## EXTRACTED INFORMATION
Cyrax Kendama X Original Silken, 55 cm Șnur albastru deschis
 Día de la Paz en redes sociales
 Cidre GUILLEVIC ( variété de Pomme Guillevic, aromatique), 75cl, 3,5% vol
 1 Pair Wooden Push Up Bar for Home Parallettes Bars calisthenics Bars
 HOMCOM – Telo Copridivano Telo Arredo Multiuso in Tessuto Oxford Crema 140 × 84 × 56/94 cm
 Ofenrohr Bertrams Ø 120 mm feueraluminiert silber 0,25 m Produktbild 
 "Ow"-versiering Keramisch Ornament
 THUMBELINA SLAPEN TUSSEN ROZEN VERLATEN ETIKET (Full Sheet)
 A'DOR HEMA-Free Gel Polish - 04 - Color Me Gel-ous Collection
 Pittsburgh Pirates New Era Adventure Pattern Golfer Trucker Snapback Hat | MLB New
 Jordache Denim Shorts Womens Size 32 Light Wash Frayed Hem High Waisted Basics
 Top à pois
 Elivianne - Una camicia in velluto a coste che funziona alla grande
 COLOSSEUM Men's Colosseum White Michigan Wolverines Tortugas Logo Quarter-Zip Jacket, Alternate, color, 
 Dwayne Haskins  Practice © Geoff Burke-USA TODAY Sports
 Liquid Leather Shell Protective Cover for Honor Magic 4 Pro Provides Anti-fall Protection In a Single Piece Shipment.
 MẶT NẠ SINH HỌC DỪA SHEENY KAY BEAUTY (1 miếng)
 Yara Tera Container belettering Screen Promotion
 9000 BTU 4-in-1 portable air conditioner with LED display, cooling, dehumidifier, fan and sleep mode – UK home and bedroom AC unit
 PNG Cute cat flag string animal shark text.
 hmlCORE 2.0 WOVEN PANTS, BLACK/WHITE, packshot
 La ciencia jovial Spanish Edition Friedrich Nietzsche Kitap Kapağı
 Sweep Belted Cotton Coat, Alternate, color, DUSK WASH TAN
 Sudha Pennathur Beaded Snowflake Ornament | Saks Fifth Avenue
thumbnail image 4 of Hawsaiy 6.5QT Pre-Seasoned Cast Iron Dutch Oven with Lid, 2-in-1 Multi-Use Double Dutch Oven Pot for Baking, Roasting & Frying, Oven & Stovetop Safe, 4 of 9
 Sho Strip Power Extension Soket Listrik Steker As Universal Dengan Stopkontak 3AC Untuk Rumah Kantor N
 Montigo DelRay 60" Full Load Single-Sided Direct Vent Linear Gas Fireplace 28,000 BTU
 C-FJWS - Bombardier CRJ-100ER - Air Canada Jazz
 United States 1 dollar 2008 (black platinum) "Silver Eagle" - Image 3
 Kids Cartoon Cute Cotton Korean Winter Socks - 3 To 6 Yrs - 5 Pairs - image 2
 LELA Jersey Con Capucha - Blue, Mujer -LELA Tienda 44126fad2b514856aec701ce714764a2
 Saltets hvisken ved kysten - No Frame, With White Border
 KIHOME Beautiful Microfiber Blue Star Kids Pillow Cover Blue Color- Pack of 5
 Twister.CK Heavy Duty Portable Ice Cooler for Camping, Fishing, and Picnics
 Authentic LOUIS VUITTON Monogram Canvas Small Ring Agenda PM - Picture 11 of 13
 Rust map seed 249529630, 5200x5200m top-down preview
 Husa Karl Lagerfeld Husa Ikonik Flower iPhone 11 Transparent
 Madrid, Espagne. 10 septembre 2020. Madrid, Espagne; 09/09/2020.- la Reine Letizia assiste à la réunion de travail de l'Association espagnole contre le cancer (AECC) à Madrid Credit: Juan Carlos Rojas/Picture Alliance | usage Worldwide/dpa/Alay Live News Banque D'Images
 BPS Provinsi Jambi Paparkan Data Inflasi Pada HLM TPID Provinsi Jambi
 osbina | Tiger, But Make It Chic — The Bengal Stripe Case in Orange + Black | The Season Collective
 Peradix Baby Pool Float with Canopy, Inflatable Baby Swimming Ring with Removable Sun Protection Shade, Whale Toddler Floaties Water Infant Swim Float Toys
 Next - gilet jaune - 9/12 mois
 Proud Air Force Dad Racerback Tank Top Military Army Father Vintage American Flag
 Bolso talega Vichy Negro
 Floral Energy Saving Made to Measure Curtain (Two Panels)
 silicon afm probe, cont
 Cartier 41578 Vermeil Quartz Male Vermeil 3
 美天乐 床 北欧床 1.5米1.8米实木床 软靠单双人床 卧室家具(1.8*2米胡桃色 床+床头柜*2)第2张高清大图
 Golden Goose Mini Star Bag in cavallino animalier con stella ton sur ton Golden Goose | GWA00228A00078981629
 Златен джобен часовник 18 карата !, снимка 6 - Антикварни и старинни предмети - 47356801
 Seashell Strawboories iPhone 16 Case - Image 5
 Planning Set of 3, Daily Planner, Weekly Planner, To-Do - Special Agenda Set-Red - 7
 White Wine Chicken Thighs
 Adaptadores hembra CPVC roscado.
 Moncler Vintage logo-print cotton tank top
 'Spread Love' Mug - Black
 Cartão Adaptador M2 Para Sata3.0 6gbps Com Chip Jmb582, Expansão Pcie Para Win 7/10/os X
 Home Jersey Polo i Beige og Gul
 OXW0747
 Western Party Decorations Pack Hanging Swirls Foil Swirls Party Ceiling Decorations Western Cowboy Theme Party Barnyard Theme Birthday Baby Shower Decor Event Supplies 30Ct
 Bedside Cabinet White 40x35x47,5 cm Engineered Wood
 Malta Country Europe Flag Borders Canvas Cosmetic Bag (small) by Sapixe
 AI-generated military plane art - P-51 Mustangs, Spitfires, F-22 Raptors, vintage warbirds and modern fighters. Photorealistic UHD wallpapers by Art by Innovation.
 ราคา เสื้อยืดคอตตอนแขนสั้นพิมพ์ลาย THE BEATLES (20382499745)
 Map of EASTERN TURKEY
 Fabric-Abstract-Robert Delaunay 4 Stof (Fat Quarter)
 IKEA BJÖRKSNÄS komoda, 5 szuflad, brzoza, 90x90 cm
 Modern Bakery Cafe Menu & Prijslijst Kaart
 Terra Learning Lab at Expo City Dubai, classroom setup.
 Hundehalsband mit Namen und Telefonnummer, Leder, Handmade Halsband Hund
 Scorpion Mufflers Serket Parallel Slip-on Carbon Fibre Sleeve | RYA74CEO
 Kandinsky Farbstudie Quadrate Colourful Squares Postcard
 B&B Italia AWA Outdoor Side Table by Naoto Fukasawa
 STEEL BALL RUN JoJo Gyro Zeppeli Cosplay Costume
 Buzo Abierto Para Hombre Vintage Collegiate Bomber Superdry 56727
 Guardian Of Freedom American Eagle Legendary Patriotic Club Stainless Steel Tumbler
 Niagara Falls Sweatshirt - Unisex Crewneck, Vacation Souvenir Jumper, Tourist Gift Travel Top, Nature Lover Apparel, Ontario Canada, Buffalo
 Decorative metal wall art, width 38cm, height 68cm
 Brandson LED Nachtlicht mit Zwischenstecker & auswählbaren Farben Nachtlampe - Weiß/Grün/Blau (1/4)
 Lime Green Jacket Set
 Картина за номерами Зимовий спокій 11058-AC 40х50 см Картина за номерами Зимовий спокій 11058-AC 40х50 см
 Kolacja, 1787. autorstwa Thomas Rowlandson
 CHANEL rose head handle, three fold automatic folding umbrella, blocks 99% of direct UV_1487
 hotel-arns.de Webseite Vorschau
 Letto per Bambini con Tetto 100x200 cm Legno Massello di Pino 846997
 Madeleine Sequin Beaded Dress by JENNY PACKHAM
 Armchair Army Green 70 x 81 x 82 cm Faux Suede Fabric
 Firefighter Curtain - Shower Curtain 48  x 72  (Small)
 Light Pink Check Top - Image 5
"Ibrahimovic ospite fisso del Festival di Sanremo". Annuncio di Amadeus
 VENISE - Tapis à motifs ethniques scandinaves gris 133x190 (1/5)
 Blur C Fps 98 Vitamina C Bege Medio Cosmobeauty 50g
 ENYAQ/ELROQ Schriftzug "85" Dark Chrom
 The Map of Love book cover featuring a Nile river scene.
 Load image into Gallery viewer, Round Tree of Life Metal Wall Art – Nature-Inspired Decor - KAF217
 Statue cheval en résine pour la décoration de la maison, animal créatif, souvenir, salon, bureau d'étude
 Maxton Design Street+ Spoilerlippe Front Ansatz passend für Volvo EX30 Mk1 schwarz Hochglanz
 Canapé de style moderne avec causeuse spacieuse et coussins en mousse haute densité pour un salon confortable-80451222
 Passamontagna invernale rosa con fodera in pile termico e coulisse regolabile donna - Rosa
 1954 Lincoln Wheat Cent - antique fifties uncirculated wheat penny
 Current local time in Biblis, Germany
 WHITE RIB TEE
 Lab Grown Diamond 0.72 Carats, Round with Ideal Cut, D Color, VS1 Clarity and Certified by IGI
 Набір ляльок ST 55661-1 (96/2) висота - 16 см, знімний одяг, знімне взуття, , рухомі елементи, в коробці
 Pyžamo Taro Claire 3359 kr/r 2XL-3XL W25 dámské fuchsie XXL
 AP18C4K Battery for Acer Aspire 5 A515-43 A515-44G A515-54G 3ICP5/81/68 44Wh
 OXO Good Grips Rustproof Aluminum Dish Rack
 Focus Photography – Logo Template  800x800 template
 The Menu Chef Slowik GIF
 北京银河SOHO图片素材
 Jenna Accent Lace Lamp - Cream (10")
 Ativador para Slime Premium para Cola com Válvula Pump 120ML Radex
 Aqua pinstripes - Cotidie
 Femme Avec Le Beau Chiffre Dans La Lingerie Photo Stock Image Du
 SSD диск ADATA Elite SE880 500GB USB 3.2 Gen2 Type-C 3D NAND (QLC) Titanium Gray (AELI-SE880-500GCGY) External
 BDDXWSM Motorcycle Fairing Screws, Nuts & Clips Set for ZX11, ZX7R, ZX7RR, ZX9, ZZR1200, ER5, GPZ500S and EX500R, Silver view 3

## TO DO
Starting at the first line of the records, print each line exactly, stopping after the line that contains "1 Pair Wooden".

## REPLY TO THE TASK
Cyrax Kendama X Original Silken, 55 cm Șnur albastru deschis
 Día de la Paz en redes sociales
 Cidre GUILLEVIC ( variété de Pomme Guillevic, aromatique), 75cl, 3,5% vol
 1 Pair Wooden Push Up Bar for Home Parallettes Bars calisthenics Bars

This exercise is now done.